Few issues are as frustrating to the contemporary researcher, particularly in the life sciences, as the time and effort spent negotiating the terms on which he or she can gain access to the research tools required to do an efficient job. In a less complex — perhaps slightly mythical — era, biological samples were exchanged freely between laboratories, equipment manufacturers were content merely if their products carried out specified tasks effectively, and experimental results were disseminated widely and rapidly.

In today's world, as a report compiled by a working group set up by the National Institutes of Health (NIH) makes clear (see page 505), the demands of licensing agreements and the enforced need to respect the intellectual property of others is reaching critical dimensions. Samples can be jealously guarded, manufacturers can exploit the ownership of unique technologies, the terms of collaboration can be stringent, and publication can be delayed on demand. The working party's conclusion is stark: “We believe that current trends pose a serious threat to the best interests of the biomedical research and development community as a whole.”

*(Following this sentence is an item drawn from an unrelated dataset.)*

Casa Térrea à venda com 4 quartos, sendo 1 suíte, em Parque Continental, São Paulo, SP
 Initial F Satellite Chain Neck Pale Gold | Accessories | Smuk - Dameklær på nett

The problem is when common sense and moderation give way to greed. It is one thing, for example, to expect a reasonable return from a discovery that will undoubtedly bring profit to others; it is another to exploit the virtual monopoly position which the law, in the hands of an aggressive and imaginative patent attorney, can potentially allow one researcher to exercise over another. The fault does not always lie in the explicitly profit-motivated private sector. The NIH working group says it found those in industry who had been taken aback by the price of cooperation being demanded by some university researchers.

Given the diversity of situations in which tensions can arise, and the widely varying practices between different parts of the scientific community, there are no easy solutions — certainly none that could be enshrined in compact legislation. The NIH, also aware of the limited range of its responsibilities, is right to talk more in terms of building a consensus around broad guidelines. But it must not shirk from making unpopular judgements, for example by exercising its ‘march-in’ rights, where the long-term interests of biomedical research conflict with the short-term avarice of individuals. Science is one domain where belief in Adam Smith's ‘invisible hand’ can create as many problems as it solves.